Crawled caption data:

[Start of section]

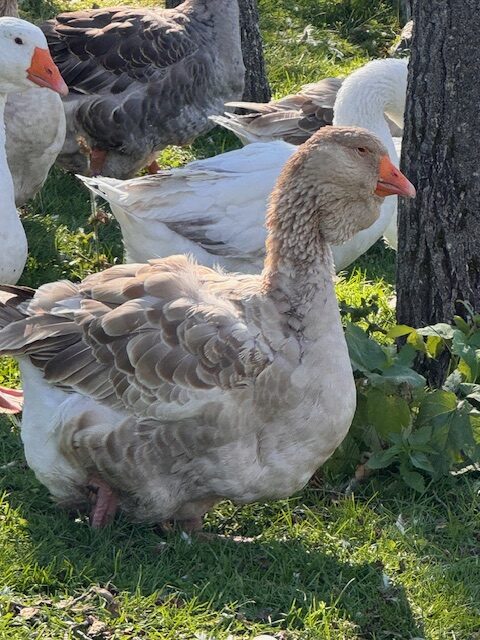 Dewlap-Toulouse-geese-amiens-acres-3 Dewlap-Toulouse-geese-amiens-acres-3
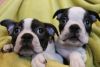 Boston Terrier Puppies Kc Reg 2 Girls Left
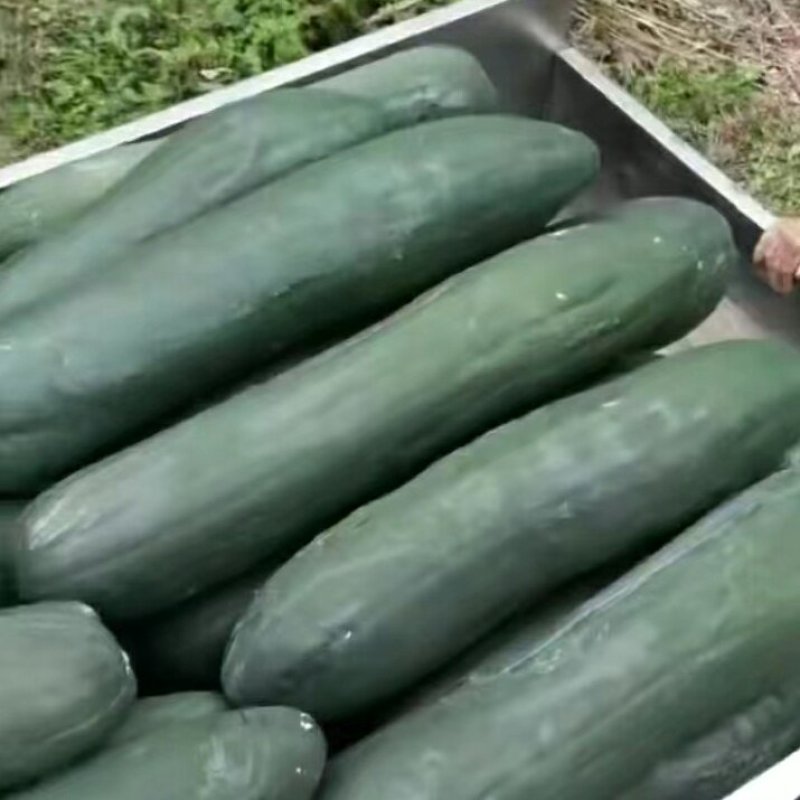 精品冬瓜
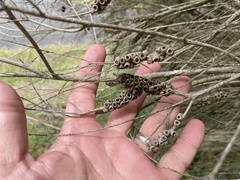 Melaleuca armillaris
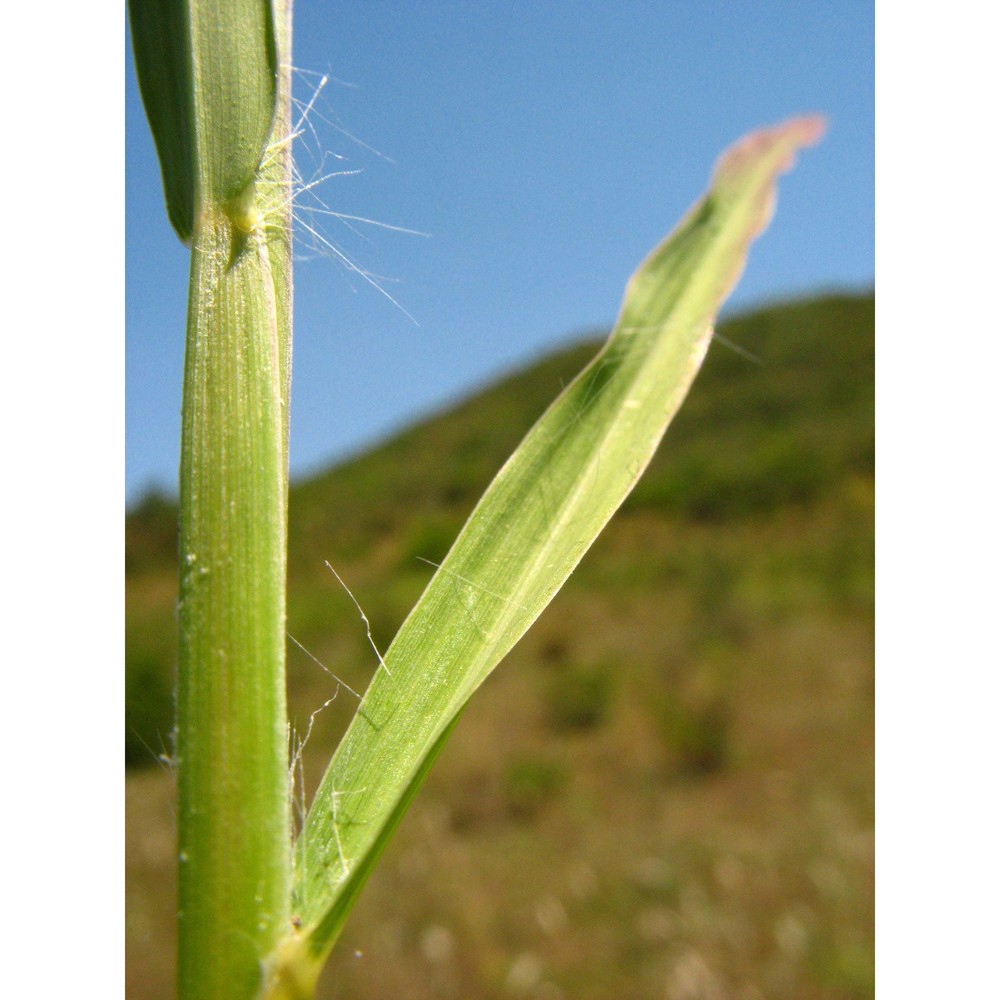 bothriochloa laguroides (dc.) herter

[End of section]

YOUR INSTRUCTIONS: An exact restatement of every record is required. Omit the images.

ANSWER:
 Dewlap-Toulouse-geese-amiens-acres-3 Dewlap-Toulouse-geese-amiens-acres-3
 Boston Terrier Puppies Kc Reg 2 Girls Left
 精品冬瓜
 Melaleuca armillaris
 bothriochloa laguroides (dc.) herter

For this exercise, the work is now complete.